**DATASET RECORDS**
BEGIN
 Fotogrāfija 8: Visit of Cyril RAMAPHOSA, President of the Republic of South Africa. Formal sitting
END
BEGIN
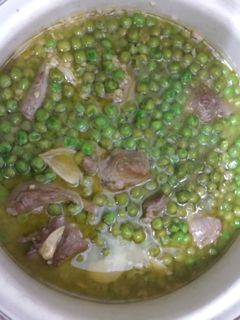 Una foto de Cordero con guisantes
END
BEGIN
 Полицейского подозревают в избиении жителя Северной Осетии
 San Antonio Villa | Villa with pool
END
**EXERCISE OBJECTIVE**
Begin at the line that has "Полицейского подозревают в" in the entries above; stop after the line that has "San Antonio Villa | Villa with pool". Transcribe exactly those lines and no others.

**SOLUTION BELOW**
 Полицейского подозревают в избиении жителя Северной Осетии
 San Antonio Villa | Villa with pool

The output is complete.